- [Exercise]: The answer must consist only of the lines from the line with "Superbe villa accès" to the line with "Animal Kingdom 4K", both included, exactly as they stand below.

- [Information supplied]:
-- Opening Marker --

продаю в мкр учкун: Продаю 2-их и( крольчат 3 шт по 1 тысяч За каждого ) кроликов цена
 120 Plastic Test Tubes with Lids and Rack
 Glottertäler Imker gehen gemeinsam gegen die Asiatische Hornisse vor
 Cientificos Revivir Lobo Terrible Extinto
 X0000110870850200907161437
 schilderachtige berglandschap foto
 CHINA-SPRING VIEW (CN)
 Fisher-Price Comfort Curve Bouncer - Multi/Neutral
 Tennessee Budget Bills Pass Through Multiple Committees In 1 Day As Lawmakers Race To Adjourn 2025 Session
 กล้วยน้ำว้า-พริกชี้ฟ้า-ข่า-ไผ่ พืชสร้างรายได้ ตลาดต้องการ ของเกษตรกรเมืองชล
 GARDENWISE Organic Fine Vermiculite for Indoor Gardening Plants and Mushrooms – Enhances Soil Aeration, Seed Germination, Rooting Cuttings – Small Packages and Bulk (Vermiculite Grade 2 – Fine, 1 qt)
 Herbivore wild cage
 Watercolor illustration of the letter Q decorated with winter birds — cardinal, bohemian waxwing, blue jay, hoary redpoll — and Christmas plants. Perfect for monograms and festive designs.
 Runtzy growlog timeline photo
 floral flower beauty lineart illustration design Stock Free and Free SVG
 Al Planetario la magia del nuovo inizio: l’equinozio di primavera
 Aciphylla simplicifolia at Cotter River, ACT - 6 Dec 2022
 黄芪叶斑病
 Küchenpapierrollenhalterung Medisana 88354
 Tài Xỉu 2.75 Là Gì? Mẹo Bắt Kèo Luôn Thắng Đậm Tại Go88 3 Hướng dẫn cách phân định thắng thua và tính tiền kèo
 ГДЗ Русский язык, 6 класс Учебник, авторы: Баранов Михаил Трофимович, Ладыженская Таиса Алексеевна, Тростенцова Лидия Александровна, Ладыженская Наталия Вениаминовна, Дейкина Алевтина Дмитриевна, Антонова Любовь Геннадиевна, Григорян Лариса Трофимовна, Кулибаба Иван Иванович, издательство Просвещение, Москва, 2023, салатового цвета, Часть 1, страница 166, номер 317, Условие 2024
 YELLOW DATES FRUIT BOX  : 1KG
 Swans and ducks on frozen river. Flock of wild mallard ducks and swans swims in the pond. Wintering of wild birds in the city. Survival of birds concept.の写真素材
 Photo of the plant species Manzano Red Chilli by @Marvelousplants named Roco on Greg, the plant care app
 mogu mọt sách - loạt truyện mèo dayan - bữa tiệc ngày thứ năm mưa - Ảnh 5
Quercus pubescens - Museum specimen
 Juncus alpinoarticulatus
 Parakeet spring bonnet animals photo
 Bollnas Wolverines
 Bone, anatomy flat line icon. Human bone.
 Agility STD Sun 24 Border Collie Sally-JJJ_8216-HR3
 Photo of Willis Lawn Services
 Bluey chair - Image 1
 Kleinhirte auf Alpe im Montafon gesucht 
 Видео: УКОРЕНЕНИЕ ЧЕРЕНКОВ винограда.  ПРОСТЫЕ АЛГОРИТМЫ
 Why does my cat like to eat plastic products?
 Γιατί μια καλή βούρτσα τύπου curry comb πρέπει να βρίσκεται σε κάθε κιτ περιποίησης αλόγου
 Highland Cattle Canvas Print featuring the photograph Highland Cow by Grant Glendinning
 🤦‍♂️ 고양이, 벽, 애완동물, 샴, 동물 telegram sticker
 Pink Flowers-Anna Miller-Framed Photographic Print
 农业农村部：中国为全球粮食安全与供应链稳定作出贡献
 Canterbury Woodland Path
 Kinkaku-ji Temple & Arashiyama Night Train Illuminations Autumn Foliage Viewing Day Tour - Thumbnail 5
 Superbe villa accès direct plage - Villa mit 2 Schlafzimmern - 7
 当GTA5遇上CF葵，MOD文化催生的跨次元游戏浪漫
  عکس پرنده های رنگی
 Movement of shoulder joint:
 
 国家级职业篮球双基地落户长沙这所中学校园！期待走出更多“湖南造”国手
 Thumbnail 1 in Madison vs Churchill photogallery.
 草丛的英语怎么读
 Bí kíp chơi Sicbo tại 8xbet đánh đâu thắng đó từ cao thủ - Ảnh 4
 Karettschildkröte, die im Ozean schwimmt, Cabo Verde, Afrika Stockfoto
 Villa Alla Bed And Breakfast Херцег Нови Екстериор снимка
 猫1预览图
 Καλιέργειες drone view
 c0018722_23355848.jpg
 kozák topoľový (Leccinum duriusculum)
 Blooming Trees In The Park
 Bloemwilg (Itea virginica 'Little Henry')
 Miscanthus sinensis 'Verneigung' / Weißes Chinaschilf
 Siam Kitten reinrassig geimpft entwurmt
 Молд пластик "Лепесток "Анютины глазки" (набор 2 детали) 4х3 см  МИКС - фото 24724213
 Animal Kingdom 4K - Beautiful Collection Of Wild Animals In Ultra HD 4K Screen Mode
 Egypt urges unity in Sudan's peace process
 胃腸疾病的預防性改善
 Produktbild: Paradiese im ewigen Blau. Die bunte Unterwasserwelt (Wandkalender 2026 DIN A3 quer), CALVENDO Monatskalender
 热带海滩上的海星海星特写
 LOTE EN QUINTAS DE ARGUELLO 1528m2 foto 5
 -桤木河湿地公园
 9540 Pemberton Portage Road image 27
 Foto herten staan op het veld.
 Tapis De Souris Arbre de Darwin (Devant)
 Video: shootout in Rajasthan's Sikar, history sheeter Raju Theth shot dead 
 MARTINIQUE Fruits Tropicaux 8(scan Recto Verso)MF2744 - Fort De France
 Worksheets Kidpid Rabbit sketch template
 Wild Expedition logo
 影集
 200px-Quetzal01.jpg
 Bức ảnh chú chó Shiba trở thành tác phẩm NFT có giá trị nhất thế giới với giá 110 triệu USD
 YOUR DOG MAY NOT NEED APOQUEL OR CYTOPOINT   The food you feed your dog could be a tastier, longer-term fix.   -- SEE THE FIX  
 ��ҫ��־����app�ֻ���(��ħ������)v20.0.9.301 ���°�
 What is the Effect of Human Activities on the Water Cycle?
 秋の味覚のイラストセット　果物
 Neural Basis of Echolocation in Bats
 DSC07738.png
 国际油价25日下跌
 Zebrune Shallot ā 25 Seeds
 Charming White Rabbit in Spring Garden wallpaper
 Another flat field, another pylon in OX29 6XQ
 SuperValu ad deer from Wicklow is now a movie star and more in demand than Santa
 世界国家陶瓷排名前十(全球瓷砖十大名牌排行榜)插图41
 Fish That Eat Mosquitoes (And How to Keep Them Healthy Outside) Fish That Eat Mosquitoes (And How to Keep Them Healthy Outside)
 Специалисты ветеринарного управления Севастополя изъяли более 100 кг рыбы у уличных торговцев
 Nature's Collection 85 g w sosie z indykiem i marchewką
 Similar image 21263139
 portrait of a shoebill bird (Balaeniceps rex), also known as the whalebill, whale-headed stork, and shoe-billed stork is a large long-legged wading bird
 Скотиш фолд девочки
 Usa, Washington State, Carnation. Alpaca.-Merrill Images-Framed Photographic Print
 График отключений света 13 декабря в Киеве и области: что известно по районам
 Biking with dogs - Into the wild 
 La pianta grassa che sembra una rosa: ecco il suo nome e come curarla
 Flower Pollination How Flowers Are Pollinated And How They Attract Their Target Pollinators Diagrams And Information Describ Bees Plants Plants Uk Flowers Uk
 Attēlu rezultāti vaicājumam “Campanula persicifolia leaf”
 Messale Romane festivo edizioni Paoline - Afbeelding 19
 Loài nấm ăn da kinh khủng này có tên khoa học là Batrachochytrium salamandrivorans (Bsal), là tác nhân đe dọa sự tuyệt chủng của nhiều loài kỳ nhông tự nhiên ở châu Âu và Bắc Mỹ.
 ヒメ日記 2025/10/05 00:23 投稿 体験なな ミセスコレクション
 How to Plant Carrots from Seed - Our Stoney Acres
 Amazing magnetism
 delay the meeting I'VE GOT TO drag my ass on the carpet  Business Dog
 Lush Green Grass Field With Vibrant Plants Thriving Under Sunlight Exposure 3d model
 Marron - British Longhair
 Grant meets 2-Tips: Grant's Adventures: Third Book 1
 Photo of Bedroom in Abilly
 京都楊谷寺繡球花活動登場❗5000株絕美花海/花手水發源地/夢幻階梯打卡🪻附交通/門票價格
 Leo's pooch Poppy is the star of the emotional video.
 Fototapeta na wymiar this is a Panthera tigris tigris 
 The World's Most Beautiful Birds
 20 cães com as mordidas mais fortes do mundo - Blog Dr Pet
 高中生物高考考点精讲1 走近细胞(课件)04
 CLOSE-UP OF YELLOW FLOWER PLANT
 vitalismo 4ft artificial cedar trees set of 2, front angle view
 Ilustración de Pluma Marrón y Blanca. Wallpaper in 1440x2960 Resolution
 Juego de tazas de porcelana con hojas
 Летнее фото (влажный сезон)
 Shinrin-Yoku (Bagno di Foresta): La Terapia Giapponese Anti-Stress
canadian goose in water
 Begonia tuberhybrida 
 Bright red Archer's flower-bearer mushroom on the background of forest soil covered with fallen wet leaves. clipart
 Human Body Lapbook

-- Closing Marker --

- [Response to this task]:
 Superbe villa accès direct plage - Villa mit 2 Schlafzimmern - 7
 当GTA5遇上CF葵，MOD文化催生的跨次元游戏浪漫
  عکس پرنده های رنگی
 Movement of shoulder joint:
 
 国家级职业篮球双基地落户长沙这所中学校园！期待走出更多“湖南造”国手
 Thumbnail 1 in Madison vs Churchill photogallery.
 草丛的英语怎么读
 Bí kíp chơi Sicbo tại 8xbet đánh đâu thắng đó từ cao thủ - Ảnh 4
 Karettschildkröte, die im Ozean schwimmt, Cabo Verde, Afrika Stockfoto
 Villa Alla Bed And Breakfast Херцег Нови Екстериор снимка
 猫1预览图
 Καλιέργειες drone view
 c0018722_23355848.jpg
 kozák topoľový (Leccinum duriusculum)
 Blooming Trees In The Park
 Bloemwilg (Itea virginica 'Little Henry')
 Miscanthus sinensis 'Verneigung' / Weißes Chinaschilf
 Siam Kitten reinrassig geimpft entwurmt
 Молд пластик "Лепесток "Анютины глазки" (набор 2 детали) 4х3 см  МИКС - фото 24724213
 Animal Kingdom 4K - Beautiful Collection Of Wild Animals In Ultra HD 4K Screen Mode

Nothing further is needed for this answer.